Dirt and Germs!
At Vista Farm we recycle all the stuff we used to put down the disposal to make rich, organic soil (compost) needed to help the vegetable garden. Purely organic soil is a great conditioner and a little horse or cow manure mixed in makes the best fertilizer you can find. That’s why we also compost at home where the ground is so hard you need a pick axe to break it up. Eons ago (that’s geology-speak for a very, very long time) Madisonville was the bottom of Lake Pontchartrain and for thousands of years sea creatures died and sank to the bottom leaving their shells to form a hard pack layer. The climate changed and today Madisonville is above sea level (but not by much) and you have to add dirt to the shell layer if you want anything except marsh plants to grow.
You can spend a bundle of money at the feed and seed store on a plastic compost bin with a nifty handle for turning it over and a door to put stuff in and take compost out, but I’m low-tech and thrifty and the Captain has a lot of scrap material in his junkyard. I found some old 2” x 10” lumber and got my helper to build a strong box about 6′ x 6′. He set it in the sun, covered the whole bottom and up the sides with a thick piece of tarp, stuck it with the pitch fork to put some drain holes in.
I began shredding and dumping in everything compostable. I bag up all the scraps from the kitchen except animal products and put them in the freezer until I have a few bags full, then haul it all to the compost box.
We have a bag on the lawnmower at home and dump all the chopped up grass clippings and leaves in the box. I dig down on one side where I dump the scraps and cover it up with the a mix of the old and less old stuff. You have to turn the pile with a pitchfork every couple of weeks, but the box was cheap and works fine. I think the pick axe was my father’s. The green tarp on the bottom deters roots from growing up in it. Somehow worms get in and proliferate.
They help the decay process and bass love worms—big brownish red ones. Once I tried making a compost pile just on the ground with no containment, but the roots from nearby shrubbery, Green Briar and Virginia Creeper made it impossible to turn.
I heartily recommend composting no matter how small your plot, but there are some important considerations. Never put bones, oil or grease, meat, fish, feces, or any dairy product in your compost. First, every stray cat, possum, raccoon and dog in the neighborhood will find it, and second, when it decays it smells to high heaven. A little ripe (very old) horse or cow manure is good, though. You can even add a few paper towels (plain ones without colored ink), torn up cotton clothing, egg shells dryer lint, floor sweepings and hair (but no Swiffer, it’s non-biodegradable).
Brown is carbon and green is nitrogen and you need a combination of both. I don’t worry about proportions of each, but brown comes from dead leaves (but not pine straw that takes to long to break down), brown paper, sawdust, hay, dried flowers, etc. Green comes from kitchen vegetable scraps, clippings from the garden, lawn mower grass, even coffee grounds, and tea leaves. Experts tell you never to add weeds to your compost bin because the seeds won’t decay and will come up wherever you put them. That’s the last thing I’m worried about at Vista Farm where the blooming weeds are a blessing.
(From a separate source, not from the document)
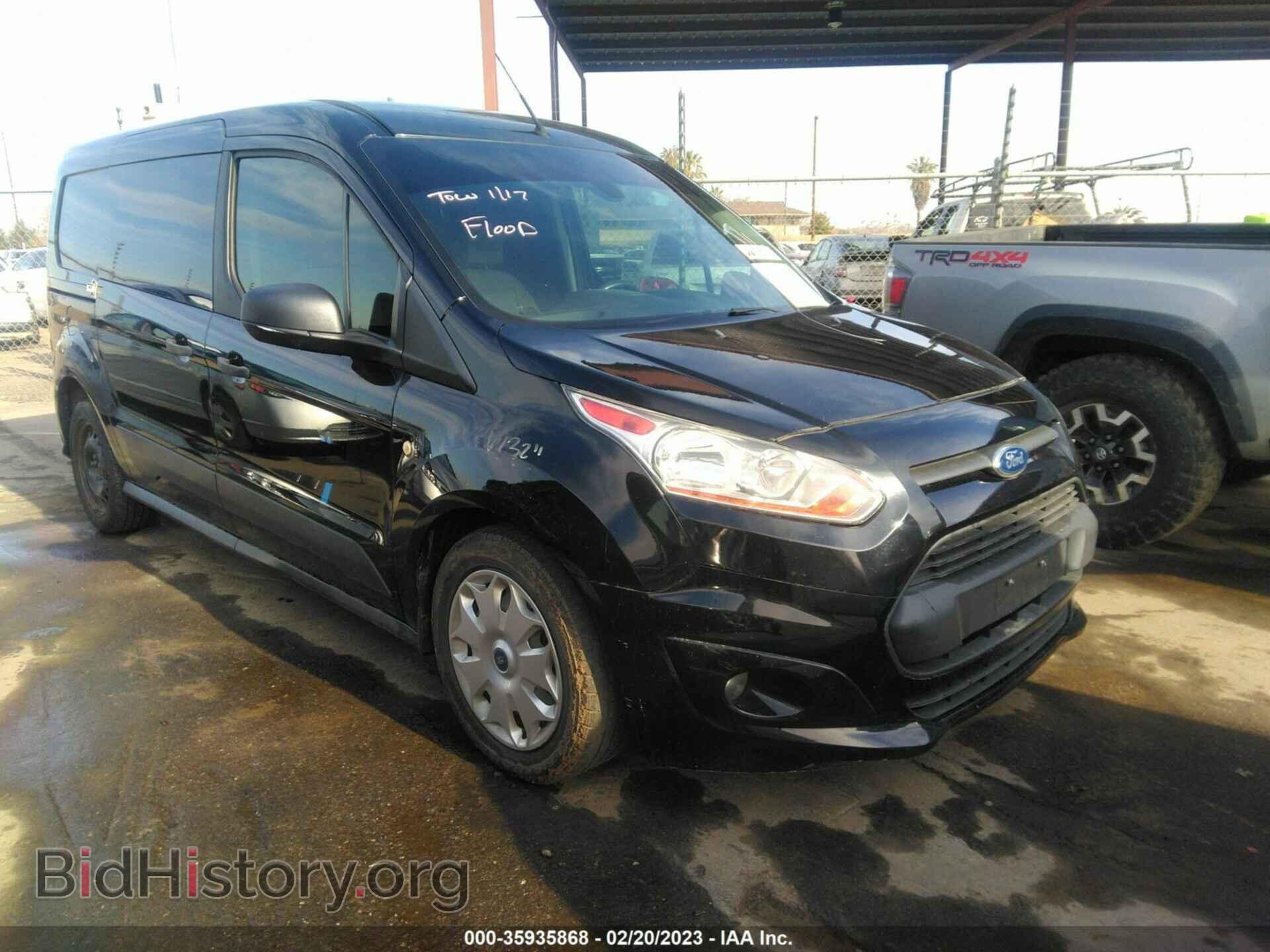 Фотография NM0LS7F72G1255660 - FORD TRANSIT CONNECT 2016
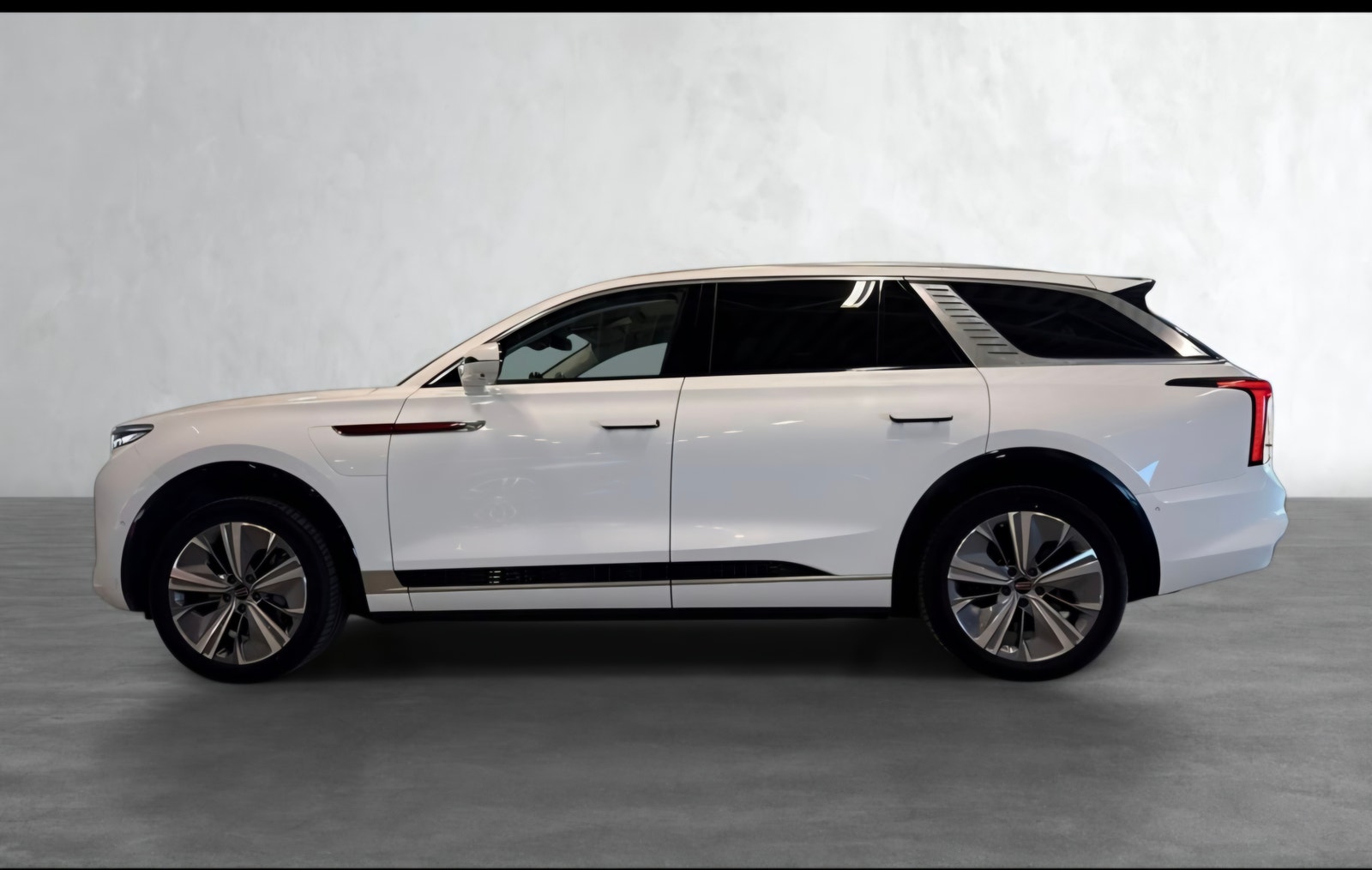 Hongqi E-HS9 Exclusive 99 kWh AWD, 551hp, 2022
Be sure to cover any new addition with the stuff that’s been in there for a while.
Water, bacteria, oxygen and sunlight eventually turn the pile into dirt, so either put a sprinkler on it once in a while or, if you live where it rains a lot, that might be enough. The time the mix takes to break down into dirt seems to depend a lot on the amount of water it gets. The less water the longer it takes.
Turning the pile puts oxygen in it which the bacteria, aka germs, needs to work its magic. When the bacteria is working at optimal levels the pile heats up and on a cold day you can actually see steam rising from the compost box.
One day you’ll turn over the pile and the stuff on the bottom will be black with a loose texture and plenty of wiggling worms. It’s done! You and Mother Nature made dirt! Get a wheelbarrow, a shovel and start spreading. Be sure to mix it into the soil that is already there rather than just spread it on the ground where it will wash away in the first big rain. I once covered my neighbor’s driveway and clogged a town drain with half-decayed organic matter that floated off in a downpour. Covering the new ground with pine straw will help keep it all in place. Enjoy!